__EXERCISE DETAILS__.
Repeat exactly the line that contains "2020 Subaru WRX" and every line after it, down to the last line of the entries below. Do not include pictures.

__SOURCE DATA__.
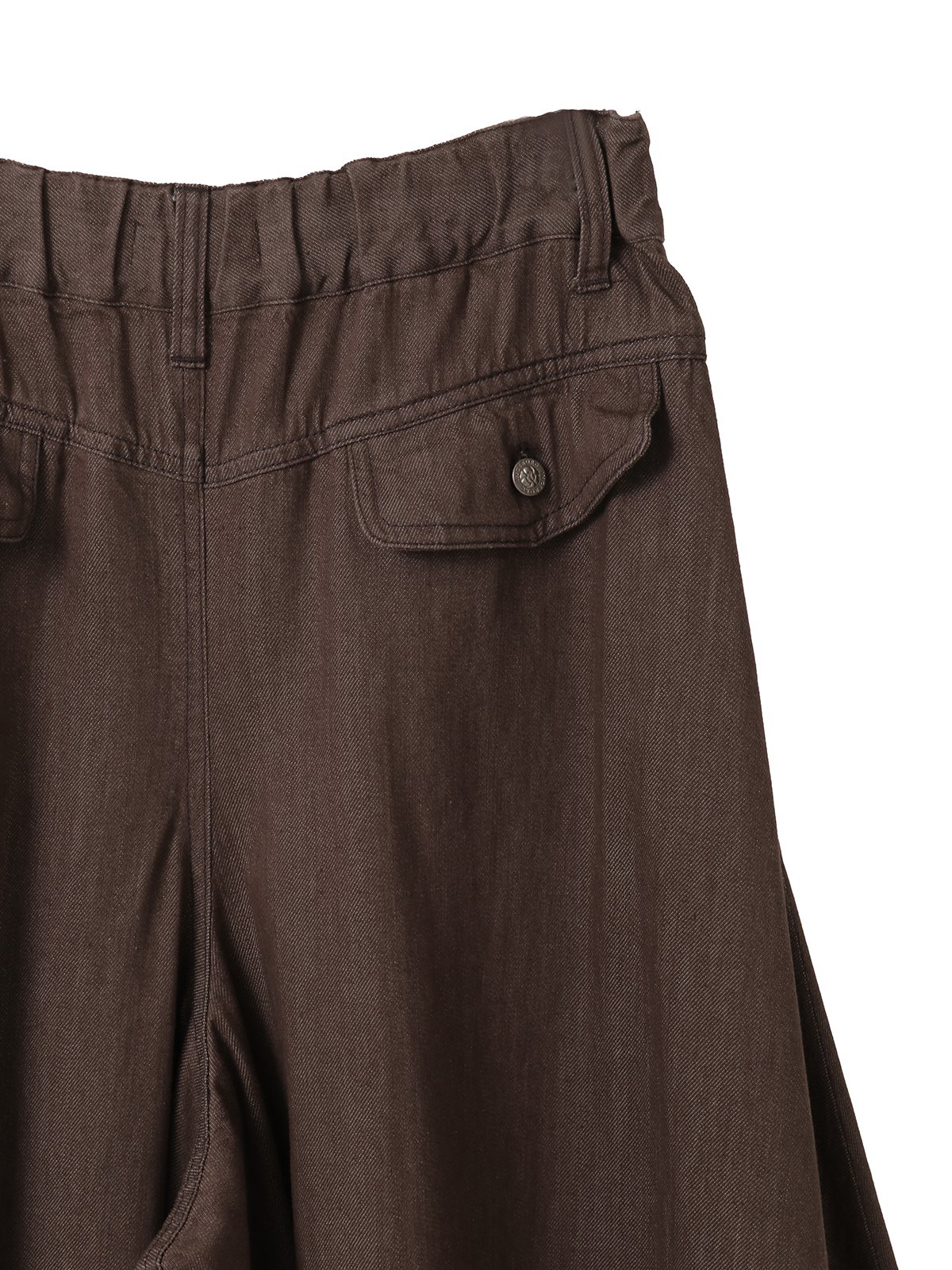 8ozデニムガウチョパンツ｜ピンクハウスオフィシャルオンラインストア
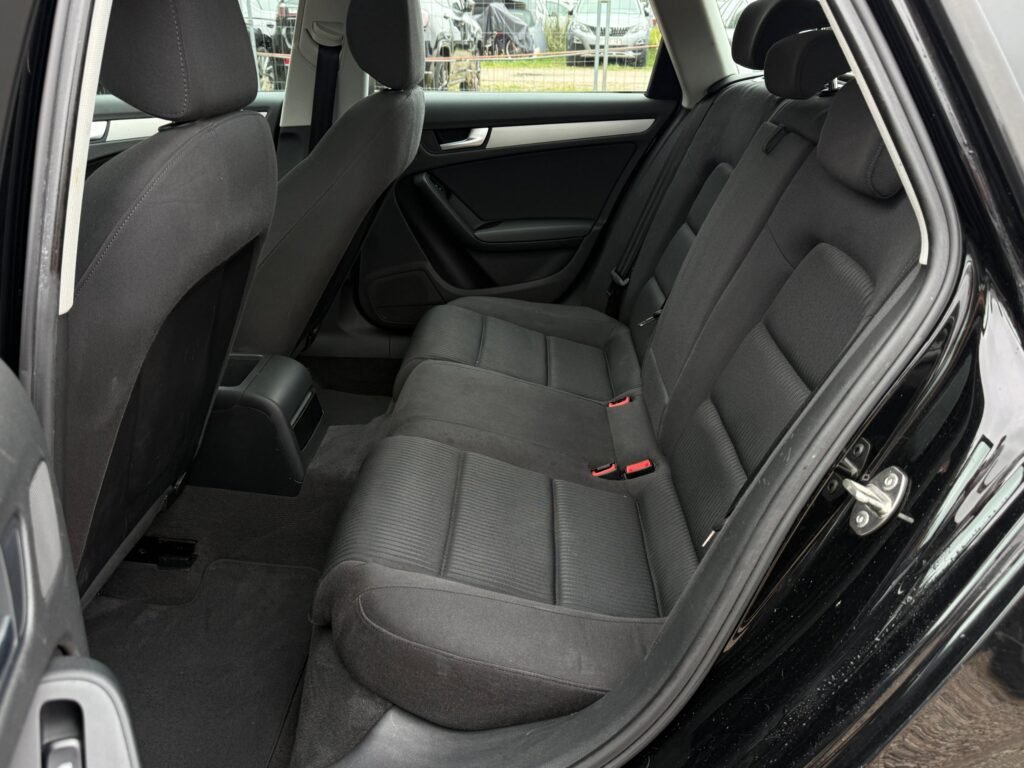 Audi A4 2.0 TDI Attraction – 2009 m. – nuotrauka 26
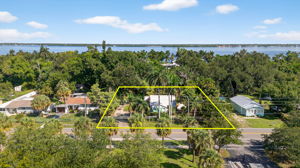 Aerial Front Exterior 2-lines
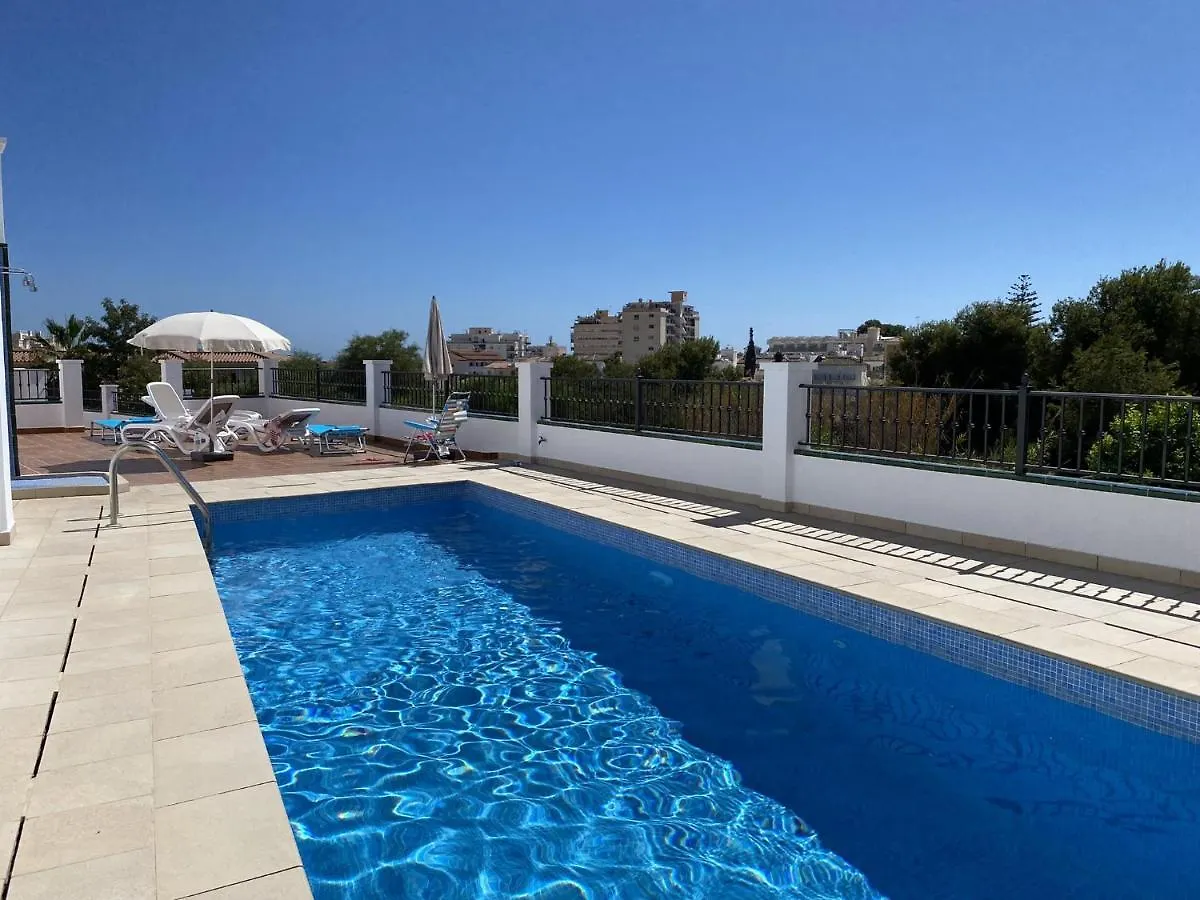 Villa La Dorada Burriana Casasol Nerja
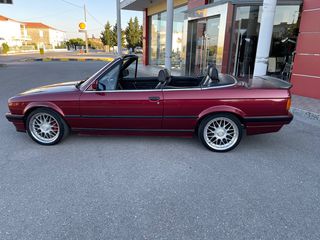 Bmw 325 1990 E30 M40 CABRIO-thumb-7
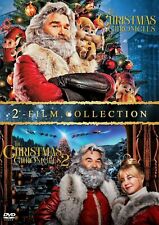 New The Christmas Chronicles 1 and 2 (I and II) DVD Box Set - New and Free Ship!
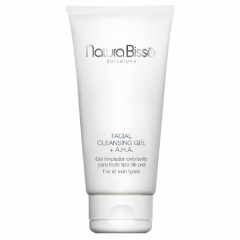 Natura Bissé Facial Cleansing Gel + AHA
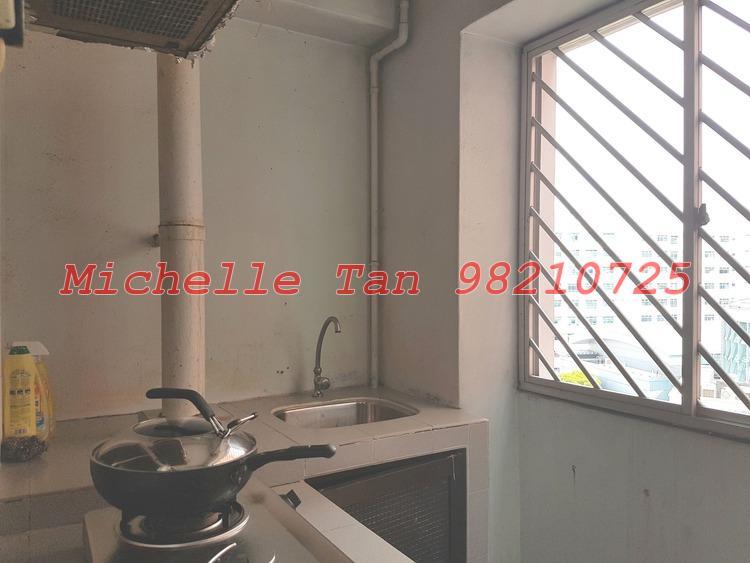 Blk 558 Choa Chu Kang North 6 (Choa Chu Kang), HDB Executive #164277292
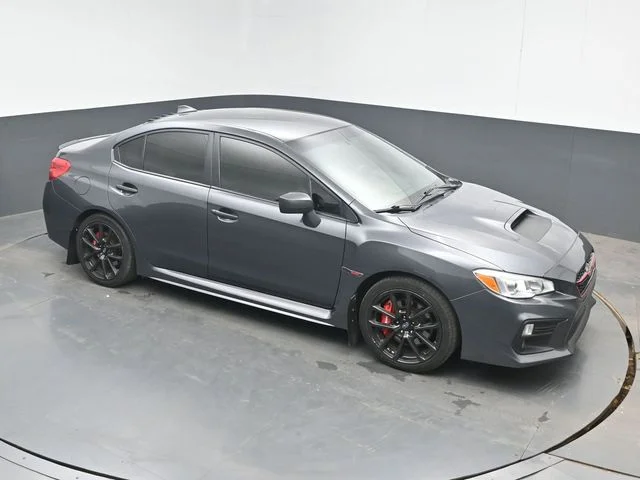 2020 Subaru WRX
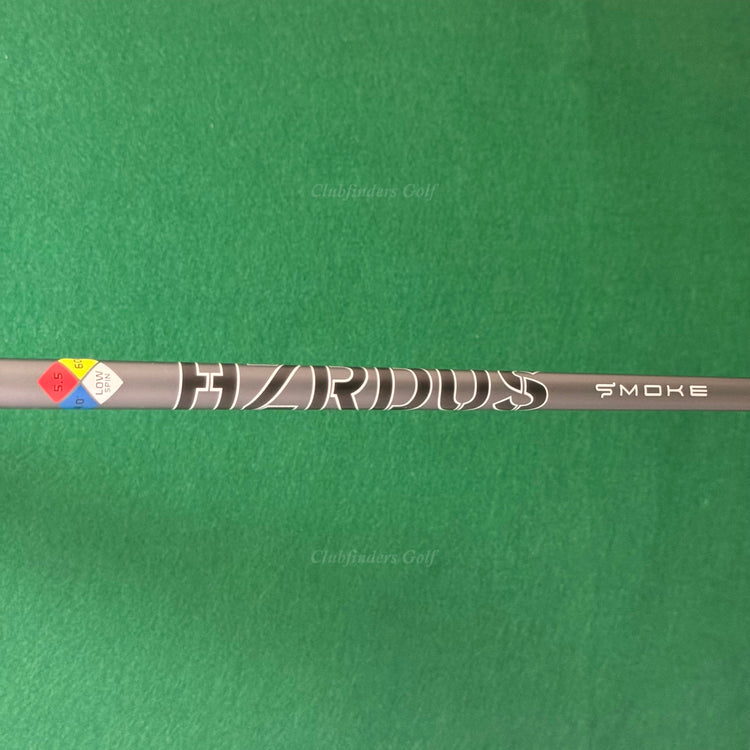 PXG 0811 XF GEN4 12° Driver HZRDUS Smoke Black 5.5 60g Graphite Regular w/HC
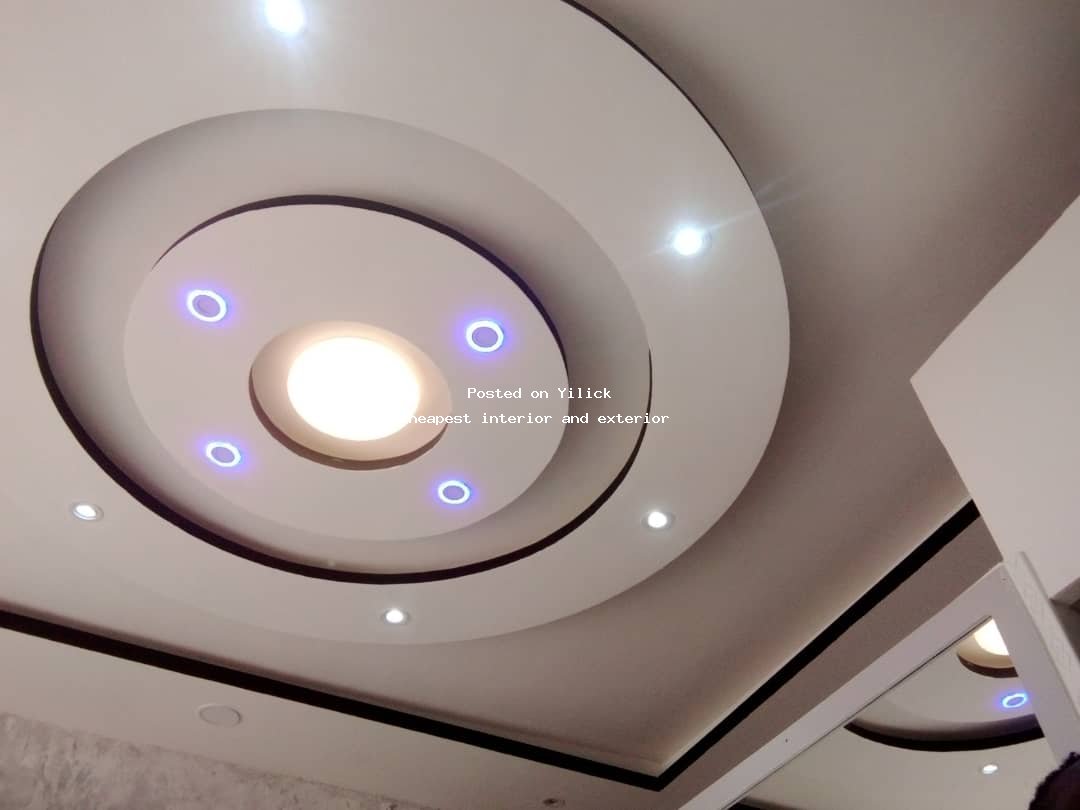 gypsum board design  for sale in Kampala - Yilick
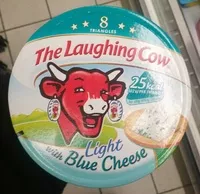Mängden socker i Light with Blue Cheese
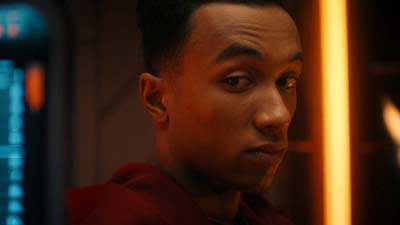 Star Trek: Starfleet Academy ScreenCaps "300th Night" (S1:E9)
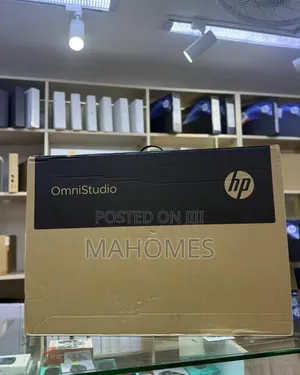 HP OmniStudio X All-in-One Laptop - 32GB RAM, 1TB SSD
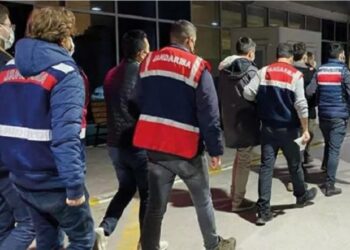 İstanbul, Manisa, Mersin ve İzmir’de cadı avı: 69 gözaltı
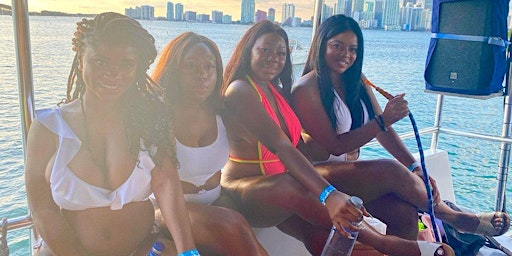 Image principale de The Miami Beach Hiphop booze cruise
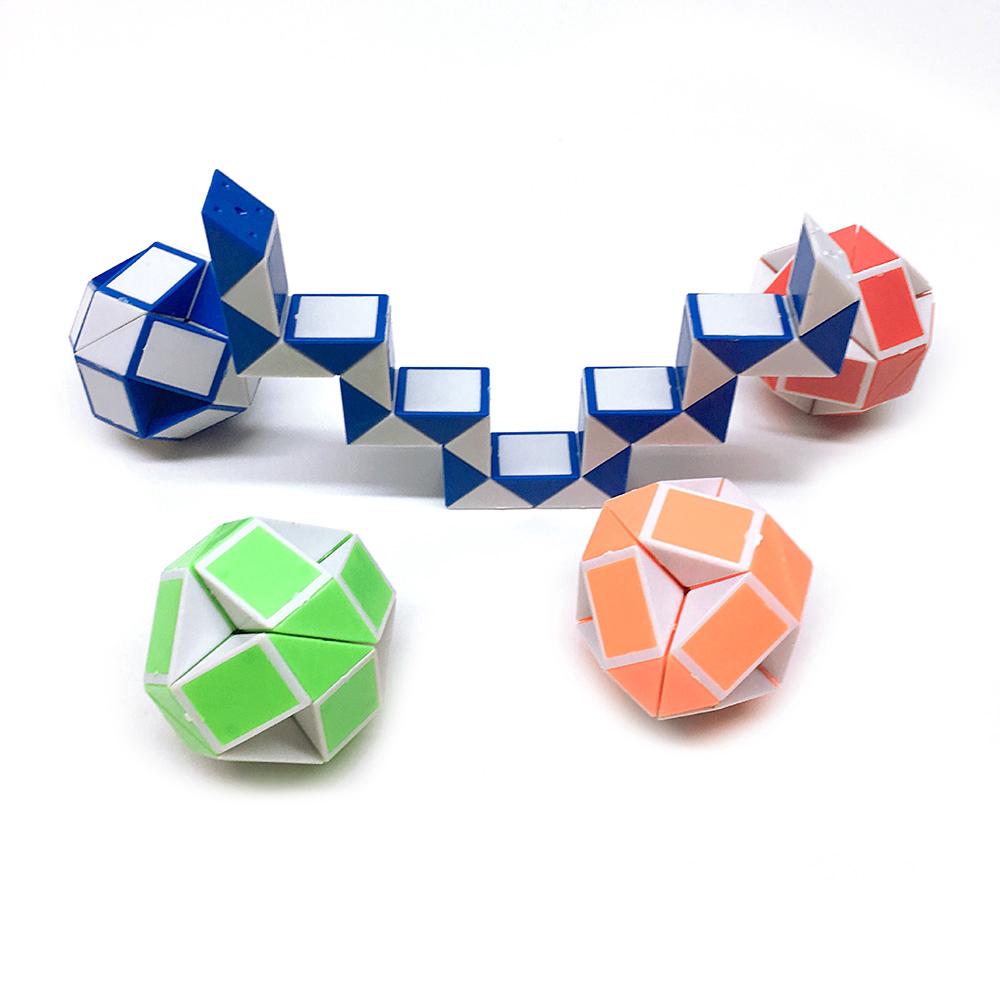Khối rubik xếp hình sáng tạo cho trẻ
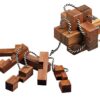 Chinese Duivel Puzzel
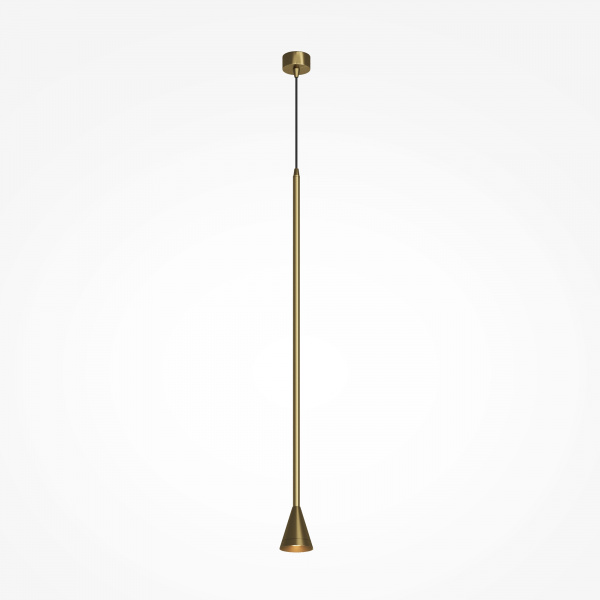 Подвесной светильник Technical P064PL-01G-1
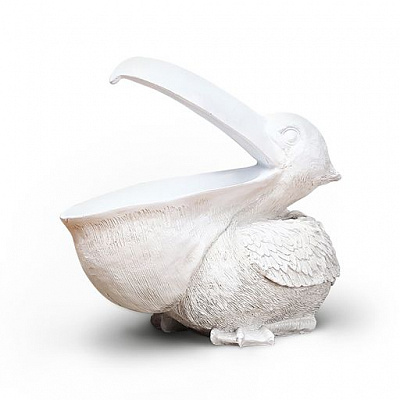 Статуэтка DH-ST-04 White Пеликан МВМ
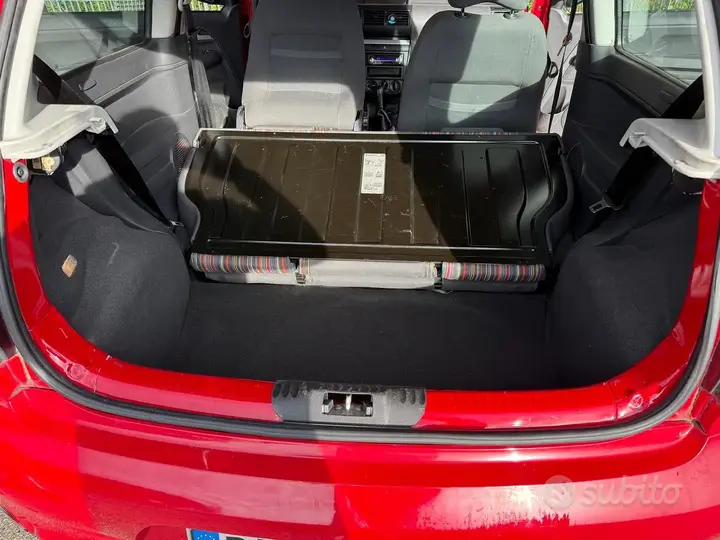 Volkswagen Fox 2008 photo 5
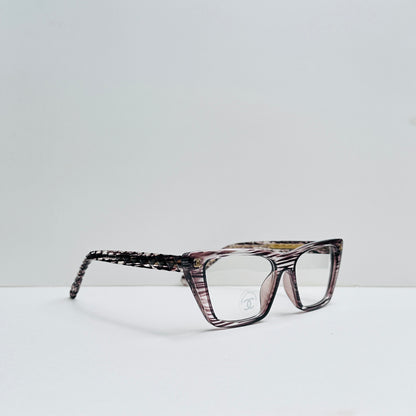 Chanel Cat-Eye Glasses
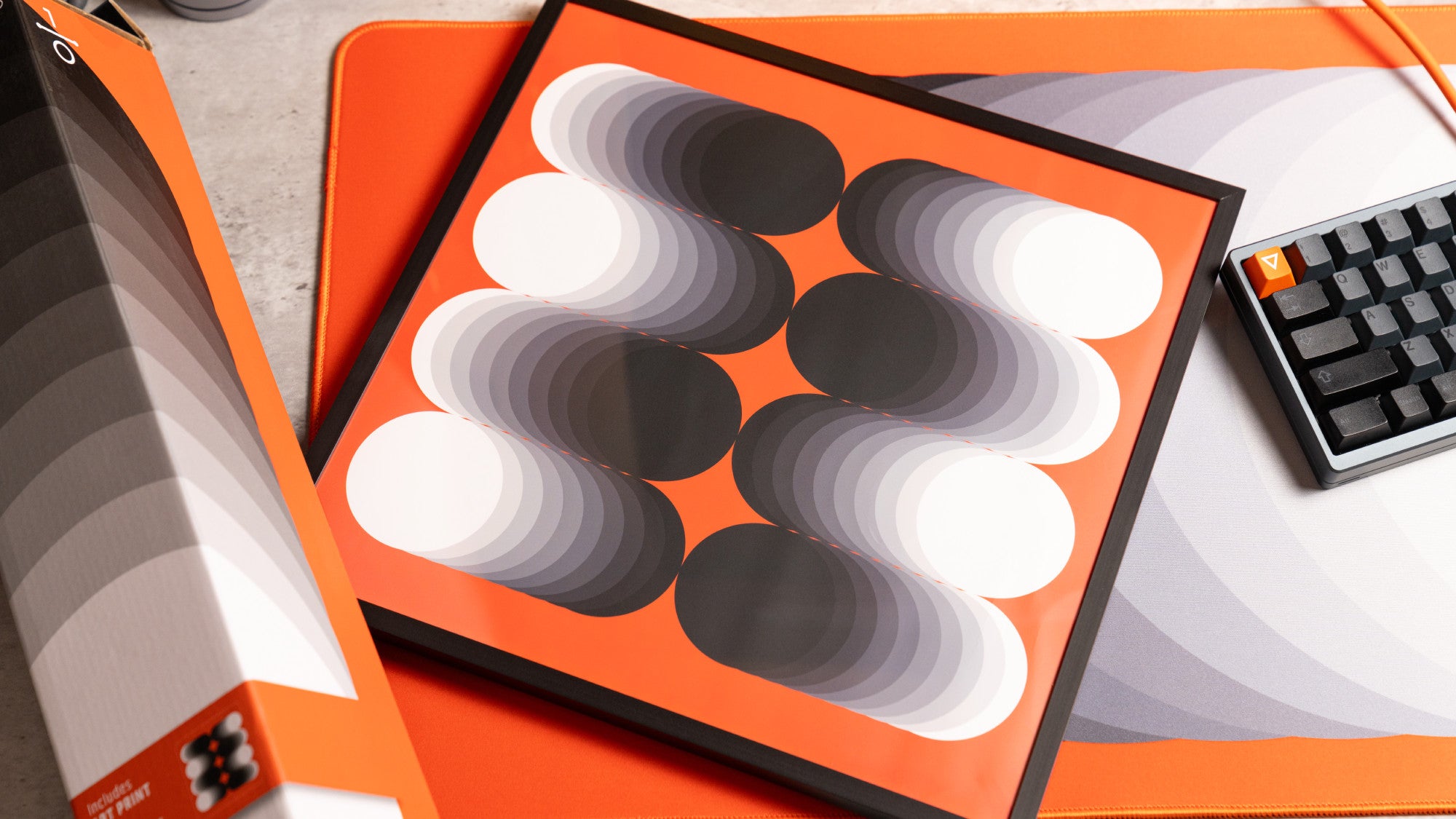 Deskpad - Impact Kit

__RESPONSE AREA__.
 2020 Subaru WRX
 PXG 0811 XF GEN4 12° Driver HZRDUS Smoke Black 5.5 60g Graphite Regular w/HC
 gypsum board design  for sale in Kampala - Yilick
Mängden socker i Light with Blue Cheese
 Star Trek: Starfleet Academy ScreenCaps "300th Night" (S1:E9)
 HP OmniStudio X All-in-One Laptop - 32GB RAM, 1TB SSD
 İstanbul, Manisa, Mersin ve İzmir’de cadı avı: 69 gözaltı
 Image principale de The Miami Beach Hiphop booze cruise
Khối rubik xếp hình sáng tạo cho trẻ
 Chinese Duivel Puzzel
 Подвесной светильник Technical P064PL-01G-1
 Статуэтка DH-ST-04 White Пеликан МВМ
 Volkswagen Fox 2008 photo 5
 Chanel Cat-Eye Glasses
 Deskpad - Impact Kit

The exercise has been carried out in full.